Depuis 2013, les finances de la fédération ont été assainies. Le haut niveau se porte bien. Pour qu’une équipe puisse accéder aux Jeux olympiques de Tokyo en 2020, il faut qu’elle figure dans les cinq premières au classement mondial. Nous espérons qualifier nos six formations. En termes de licenciés, la Fédération a du mal à se stabiliser autour des 60 000. Lors des années post-olympiques, nous bénéficions comme les autres sports d’une visibilité qui nous fait gagner 10 à 15 % de licenciés et nous surfons sur la vague jusqu’aux prochains JO. Nous avons un plan de développement pour maintenir nos chiffres, mais il faut redoubler d’efforts. C’est un sujet qui nous préoccupe.
Allez-vous vous représenter à la présidence de la Fédération après les Jeux olympiques de Tokyo ?
J’ai déjà annoncé au comité directeur que j’allais faire une liste pour briguer un troisième mandat lors des élections en 2020, avec de l’ambition pour les JO de 2024. Préparer des Jeux olympiques en France est exceptionnel et enthousiasmant, d’autant plus que l’escrime est une discipline qui compte dans le pays avec un record de 118 médailles. Sur cette période, il faudra aussi parer aux grands bouleversements dans le sport français. Les fédérations d’aujourd’hui ne seront pas celles de demain, on ne sait pas bien ce qu’il va advenir du mouvement sportif. Il faut se préparer à une nouvelle organisation. À la fédération, nous ne sommes pas touchés par le désintérêt pour la compétition, un tiers de nos pratiquants, un chiffre assez stable, continue l’escrime sous cette forme. La Fédération est aidée par l’État dans le cadre d’une convention d’objectifs des cadres techniques, un autre sujet important pour l’avenir de la fédération.

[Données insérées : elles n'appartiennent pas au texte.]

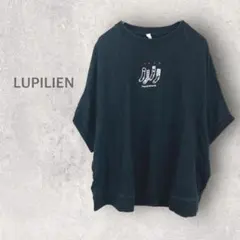 【ルピリアン】Tシャツ F ロゴT 靴下柄 クルーネック コットン100% 春夏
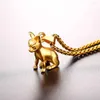 Pendant Necklaces Gold Color Lovely Dog Necklace For Men/Women Gift Chihuahua Animal Stainless Steel Jewelry P365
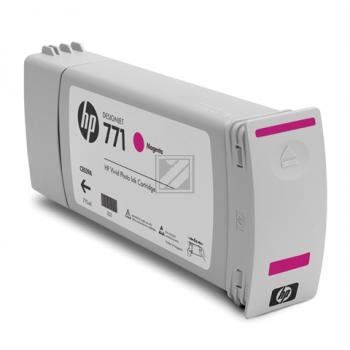 Original HP B6Y33A / 771C Tinte Magenta 3er Set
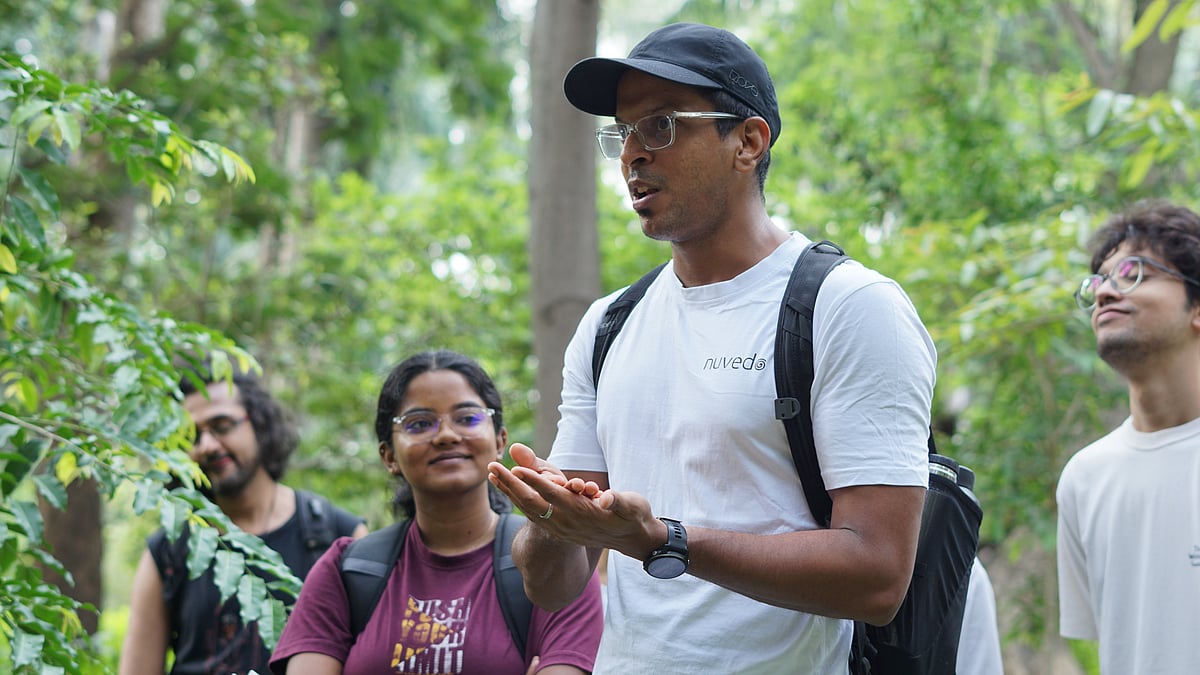 Co-founder Jashid Hameed leads a workshop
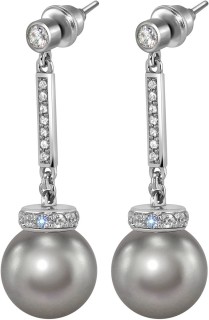 Серьги серебро с жемчугом и куб. цирконием Pearl Kiss 30S Rivoli (арт.ABS-6-12-30-S)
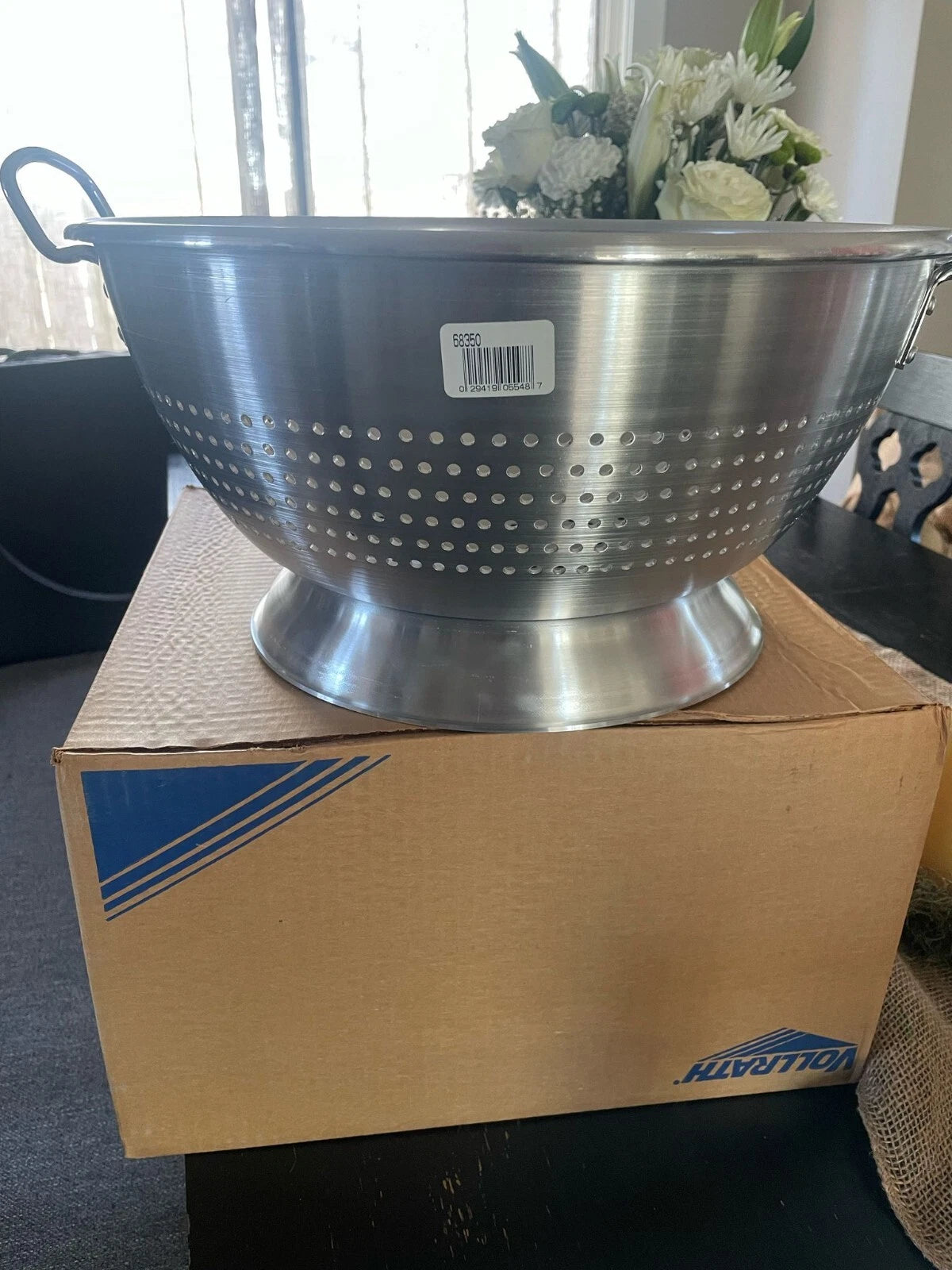 Vollrath 68350 Professional Aluminum Colander, 16 Qt. Capacity, 18 Gauge NEW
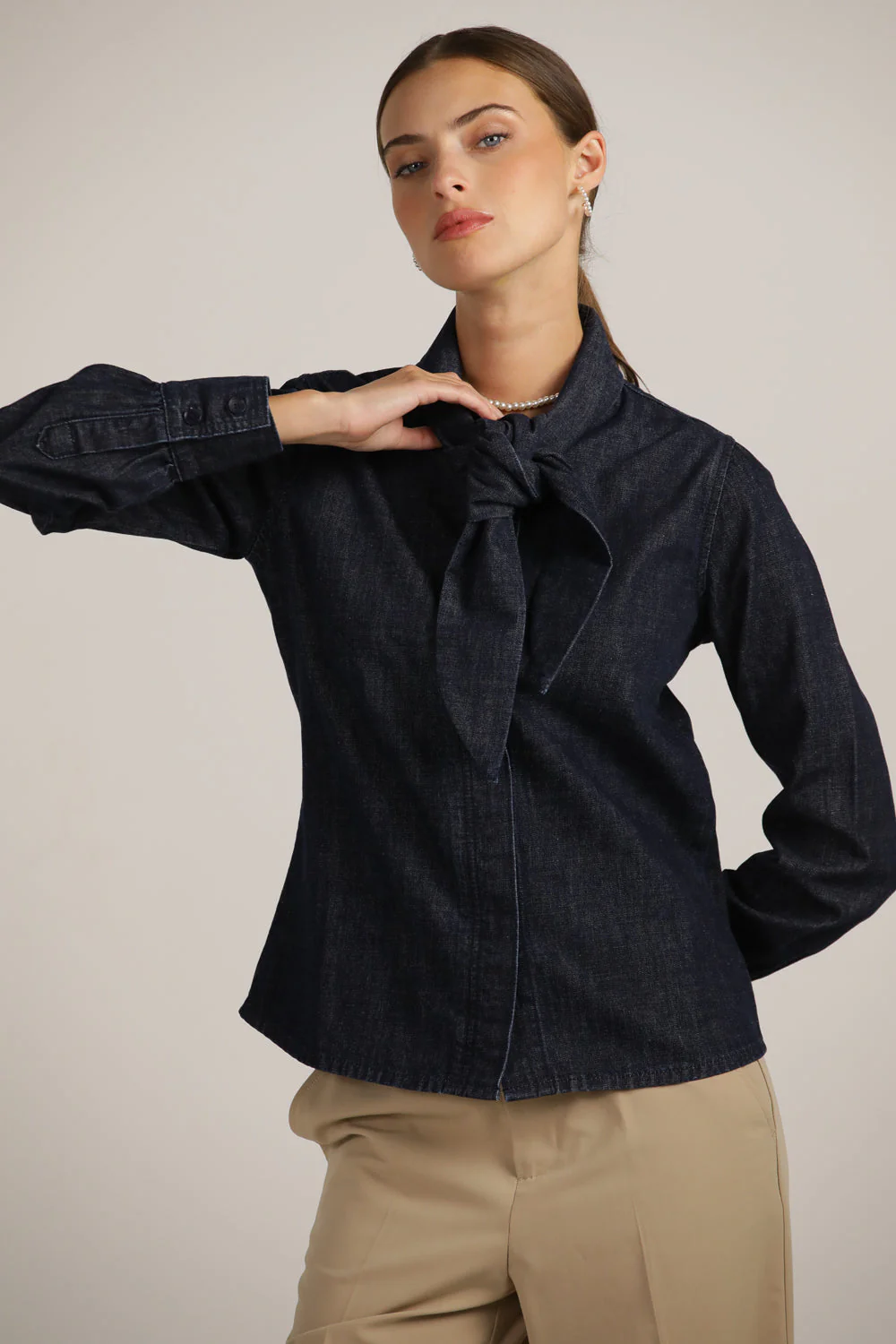 Buttoned Denim Shirt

Vous avez brigué la présidence du Comité national olympique et sportif français en 2017. Comptez-vous vous présenter aux prochaines élections ?
J’ai été élue au comité directeur du CNOSF assez facilement en 2013. En 2017, j’ai concouru pour la présidence, mais je n’ai pas été élue au conseil d’administration. Je ne me représenterai pas. C’était une expérience intéressante, mais douloureuse. C’était une décision personnelle et j’avais une bonne équipe avec beaucoup de projets. J’ai péché par naïveté et j’ai eu un sentiment de trahison. Cette élection est différente de celle pour la présidence de la fédération, on sort du cadre sportif pour entrer dans un cadre plus politique. J’ai été marquée et déçue par l’expérience, mais c’est derrière moi maintenant. Aujourd’hui, je me mobilise pour défendre nos cadres sportifs, mais j’ai pris du recul vis-à-vis du CNOSF.